Play Disciplined Hockey

As of today, the Buffalo Sabres are the third most penalized team in the NHL, averaging 14.8 penalty minutes per game.  Meanwhile, their penalty kill is only effective 79% of the time.  Combine those two facts, and you can come to the conclusion that the Sabres are gifting their opponents one power play per game.  Not a recipe for success.  Ill-timed penalties have haunted the Sabres all year, such as games against the New York Rangers and the New Jersey Devils in which the Sabres had the lead and the momentum, only to commit penalties that allowed those teams to score and get their home crowds back in the game.  I don’t know what Ron Rolston can do to get his team to play hard, yet smart, hockey – maybe he can institute his own fine system – but momentum-killing penalties have cost the Sabres too many games already this year, and if they want to make the playoffs, they have to cleanse their system of these cancers.
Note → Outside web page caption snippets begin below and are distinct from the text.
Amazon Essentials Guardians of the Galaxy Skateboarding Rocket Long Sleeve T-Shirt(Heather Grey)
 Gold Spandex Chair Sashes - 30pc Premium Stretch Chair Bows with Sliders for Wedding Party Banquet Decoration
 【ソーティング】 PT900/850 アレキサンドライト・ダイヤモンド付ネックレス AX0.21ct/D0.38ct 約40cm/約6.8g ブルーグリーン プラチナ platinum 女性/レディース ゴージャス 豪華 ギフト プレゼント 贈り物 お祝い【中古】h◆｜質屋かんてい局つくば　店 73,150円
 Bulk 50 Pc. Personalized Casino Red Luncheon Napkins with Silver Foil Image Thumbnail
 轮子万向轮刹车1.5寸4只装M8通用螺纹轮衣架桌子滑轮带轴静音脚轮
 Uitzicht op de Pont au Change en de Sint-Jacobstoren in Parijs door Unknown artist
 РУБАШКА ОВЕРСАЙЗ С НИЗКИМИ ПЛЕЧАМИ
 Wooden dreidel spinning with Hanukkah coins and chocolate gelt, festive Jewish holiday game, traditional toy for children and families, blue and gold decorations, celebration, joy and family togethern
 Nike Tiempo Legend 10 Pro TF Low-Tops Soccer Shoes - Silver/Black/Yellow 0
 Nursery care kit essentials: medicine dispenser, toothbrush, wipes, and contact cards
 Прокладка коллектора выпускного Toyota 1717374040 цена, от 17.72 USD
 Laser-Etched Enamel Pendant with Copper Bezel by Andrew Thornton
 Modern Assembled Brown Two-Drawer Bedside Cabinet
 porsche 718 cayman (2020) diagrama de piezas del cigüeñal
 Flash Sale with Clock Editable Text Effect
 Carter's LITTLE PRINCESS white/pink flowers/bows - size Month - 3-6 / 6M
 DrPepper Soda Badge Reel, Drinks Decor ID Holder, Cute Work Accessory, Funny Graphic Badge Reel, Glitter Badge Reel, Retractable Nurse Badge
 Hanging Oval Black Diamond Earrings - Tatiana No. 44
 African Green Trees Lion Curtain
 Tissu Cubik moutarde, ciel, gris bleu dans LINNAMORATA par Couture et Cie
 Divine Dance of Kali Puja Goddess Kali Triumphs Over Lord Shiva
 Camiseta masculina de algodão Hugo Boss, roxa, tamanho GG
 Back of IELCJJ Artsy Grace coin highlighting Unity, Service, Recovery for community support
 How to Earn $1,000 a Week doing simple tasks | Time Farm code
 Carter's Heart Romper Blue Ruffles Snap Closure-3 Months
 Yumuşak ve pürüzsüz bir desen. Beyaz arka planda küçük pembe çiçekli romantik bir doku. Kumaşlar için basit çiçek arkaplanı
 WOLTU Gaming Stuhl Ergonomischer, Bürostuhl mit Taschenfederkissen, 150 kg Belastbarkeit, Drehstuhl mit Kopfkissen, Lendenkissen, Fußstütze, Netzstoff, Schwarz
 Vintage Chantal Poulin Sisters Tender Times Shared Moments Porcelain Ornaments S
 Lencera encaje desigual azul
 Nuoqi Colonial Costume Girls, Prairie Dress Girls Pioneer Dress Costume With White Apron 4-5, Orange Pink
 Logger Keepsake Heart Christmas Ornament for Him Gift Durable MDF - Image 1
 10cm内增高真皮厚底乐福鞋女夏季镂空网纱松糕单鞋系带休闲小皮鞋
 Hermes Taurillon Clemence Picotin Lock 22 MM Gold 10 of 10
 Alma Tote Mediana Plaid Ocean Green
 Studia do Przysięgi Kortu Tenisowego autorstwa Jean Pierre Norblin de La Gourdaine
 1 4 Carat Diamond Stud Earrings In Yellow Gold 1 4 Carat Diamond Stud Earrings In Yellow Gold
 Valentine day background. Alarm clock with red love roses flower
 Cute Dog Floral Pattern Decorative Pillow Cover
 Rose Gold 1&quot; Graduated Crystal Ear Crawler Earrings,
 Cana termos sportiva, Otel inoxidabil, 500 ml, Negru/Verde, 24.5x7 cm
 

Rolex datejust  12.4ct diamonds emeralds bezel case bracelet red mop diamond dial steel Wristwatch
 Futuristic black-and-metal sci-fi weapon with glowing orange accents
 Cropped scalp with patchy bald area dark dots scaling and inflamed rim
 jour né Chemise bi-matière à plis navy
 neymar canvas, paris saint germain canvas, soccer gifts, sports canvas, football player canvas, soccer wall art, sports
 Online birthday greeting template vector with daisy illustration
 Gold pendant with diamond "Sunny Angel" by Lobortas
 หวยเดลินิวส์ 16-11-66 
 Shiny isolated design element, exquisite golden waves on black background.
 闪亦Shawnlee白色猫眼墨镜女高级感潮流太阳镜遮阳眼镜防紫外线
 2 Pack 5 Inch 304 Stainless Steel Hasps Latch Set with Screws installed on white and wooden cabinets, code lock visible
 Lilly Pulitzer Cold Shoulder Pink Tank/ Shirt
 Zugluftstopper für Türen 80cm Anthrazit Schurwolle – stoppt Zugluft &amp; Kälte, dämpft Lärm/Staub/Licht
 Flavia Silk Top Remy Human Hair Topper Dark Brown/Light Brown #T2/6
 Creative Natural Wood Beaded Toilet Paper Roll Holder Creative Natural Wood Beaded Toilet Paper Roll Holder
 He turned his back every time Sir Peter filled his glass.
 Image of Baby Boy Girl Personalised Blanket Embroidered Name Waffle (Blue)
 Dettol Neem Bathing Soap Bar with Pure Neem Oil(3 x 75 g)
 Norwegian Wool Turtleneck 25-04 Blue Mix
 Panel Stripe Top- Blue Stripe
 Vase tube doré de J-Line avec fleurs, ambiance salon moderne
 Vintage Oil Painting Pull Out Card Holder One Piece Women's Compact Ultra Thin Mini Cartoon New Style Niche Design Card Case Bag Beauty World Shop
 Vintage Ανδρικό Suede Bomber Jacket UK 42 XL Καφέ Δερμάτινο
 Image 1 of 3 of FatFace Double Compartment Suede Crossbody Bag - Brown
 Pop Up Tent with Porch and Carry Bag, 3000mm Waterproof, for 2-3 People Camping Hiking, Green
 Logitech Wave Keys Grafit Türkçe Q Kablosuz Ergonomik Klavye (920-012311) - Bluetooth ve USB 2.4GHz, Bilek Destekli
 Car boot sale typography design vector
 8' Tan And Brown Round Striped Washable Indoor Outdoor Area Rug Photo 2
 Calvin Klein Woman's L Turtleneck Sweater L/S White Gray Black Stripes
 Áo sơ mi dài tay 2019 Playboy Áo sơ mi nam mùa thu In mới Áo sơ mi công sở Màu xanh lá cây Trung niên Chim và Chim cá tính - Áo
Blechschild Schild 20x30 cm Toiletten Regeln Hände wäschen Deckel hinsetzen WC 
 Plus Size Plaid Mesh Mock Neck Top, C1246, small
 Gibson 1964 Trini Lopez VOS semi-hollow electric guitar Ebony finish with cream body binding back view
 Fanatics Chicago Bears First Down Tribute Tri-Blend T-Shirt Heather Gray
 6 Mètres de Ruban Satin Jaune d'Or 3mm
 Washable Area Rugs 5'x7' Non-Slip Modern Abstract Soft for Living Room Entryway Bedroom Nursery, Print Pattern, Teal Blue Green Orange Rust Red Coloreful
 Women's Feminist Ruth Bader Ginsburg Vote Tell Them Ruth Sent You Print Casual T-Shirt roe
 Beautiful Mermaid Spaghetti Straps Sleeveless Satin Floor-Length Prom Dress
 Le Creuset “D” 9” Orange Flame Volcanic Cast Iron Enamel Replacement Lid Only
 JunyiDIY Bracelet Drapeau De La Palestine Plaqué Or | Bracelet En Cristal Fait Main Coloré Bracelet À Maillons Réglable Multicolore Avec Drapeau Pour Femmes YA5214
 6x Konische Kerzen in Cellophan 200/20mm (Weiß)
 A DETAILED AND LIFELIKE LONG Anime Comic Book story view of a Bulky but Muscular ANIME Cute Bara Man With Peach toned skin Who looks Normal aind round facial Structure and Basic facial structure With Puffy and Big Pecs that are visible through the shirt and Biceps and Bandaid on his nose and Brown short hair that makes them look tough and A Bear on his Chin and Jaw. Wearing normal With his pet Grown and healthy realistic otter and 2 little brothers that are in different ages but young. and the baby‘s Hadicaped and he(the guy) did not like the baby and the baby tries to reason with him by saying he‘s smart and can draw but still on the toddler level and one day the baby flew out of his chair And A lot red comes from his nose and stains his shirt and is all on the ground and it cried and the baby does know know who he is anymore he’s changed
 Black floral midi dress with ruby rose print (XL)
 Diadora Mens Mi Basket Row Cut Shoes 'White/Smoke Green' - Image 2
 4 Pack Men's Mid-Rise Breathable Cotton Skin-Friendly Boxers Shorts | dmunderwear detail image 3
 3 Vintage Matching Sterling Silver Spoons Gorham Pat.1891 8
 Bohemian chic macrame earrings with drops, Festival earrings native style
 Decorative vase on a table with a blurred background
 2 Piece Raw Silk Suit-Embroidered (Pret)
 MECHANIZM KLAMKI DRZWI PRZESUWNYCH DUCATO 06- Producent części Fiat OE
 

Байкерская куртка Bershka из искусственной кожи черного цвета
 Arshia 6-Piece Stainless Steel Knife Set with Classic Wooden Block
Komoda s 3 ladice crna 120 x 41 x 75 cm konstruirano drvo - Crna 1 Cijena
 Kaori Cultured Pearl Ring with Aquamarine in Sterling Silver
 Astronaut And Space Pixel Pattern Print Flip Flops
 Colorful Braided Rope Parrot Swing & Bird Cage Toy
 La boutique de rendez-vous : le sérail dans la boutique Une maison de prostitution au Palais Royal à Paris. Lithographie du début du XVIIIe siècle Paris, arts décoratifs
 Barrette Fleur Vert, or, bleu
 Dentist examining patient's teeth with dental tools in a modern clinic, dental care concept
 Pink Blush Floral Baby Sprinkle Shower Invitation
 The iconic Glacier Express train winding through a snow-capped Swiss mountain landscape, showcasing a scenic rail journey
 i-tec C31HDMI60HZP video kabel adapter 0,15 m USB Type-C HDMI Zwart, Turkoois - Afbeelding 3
Well, there it is!  If I were in charge of the Sabres, this would be my blueprint for success.  It doesn’t take a rocket scientist to see what the Sabres need to fix . . . yet, since I don’t see these problems getting fixed, maybe it does.  I don’t expect the Sabres to actually be able to fix each of these six areas, but fixing two or even three of them would go a long way to helping the team maintain a consistent level of play that would result in some winning hockey.  It seems weird to be writing this, given how poorly the blue and gold have played in stretches this year, but making the playoffs is still a realistic goal for this team.  Let’s just hope the people within the organization are as aware of the problems I have outlined as we fans are.